Wednesday, August 25, 2010

"We, the (Protestant) people"

Before there was the NRA, there was ... the NRA.

Today's NRA - the National Rifle Association - is of course the forceful and influential lobbyist for the right to bear arms. In the Civil War era, gun control was hardly an issue. The National Reform Association had a much different cause - to put an end to the separation of church and state.

For decades prior to the war, conservative Protestant leaders in the north argued from their pulpits that abolitionists were wrong - God had created the world in just the way He intended, slavery included, and to try to change things was a sin. They found plenty of Bible verses to "prove" their case. After the onset of the war, however, they shut up about that. Instead, they found a new rallying cry.
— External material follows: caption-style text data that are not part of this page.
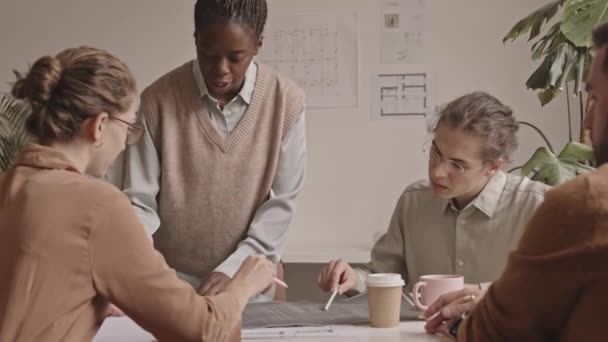 Lento Disparo Del Equipo Jóvenes Diseñadores Multiétnicos Discutiendo Planos Mesa — Vídeos de Stock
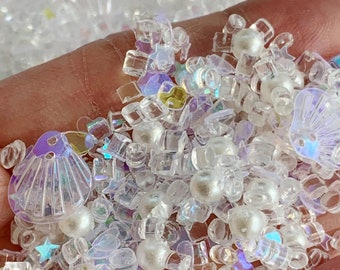 May include: A mix of iridescent clear plastic and white pearl beads, seashells, and stars. The beads and shells are in various shapes and sizes.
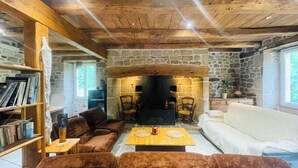 Un salon chaleureux avec une cheminée en pierre, un plafond en bois et une bibliothèque.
Such a great American calamity, they said, could only be the result of the country's failure to honor God and Jesus Christ in its constitution. The National Reform Association was organized to propose an amendment so that God would not "crush us to atoms in the wreck."

Here's what they came up with - replace "We, the people of the United States, in order to form a more perfect union ..." with:

"Recognizing Almighty God as the source of all authority and power in civil government, and acknowledging the Lord Jesus Christ as the Governor among the nations, His revealed will as the supreme law of the land, in order to constitute a Christian government ..."

Abraham Lincoln accepted the petition with grace, and then did nothing with it. He was far too savvy a politician to raise this new divisive issue at a time when the county already was divided by war. Likewise, Congress ducked the proposal to Christianize the Constitution, tabling similar resolutions year after year.

But conservative religions are persistent. Unquiet ghosts of that early NRA roam the country yet today.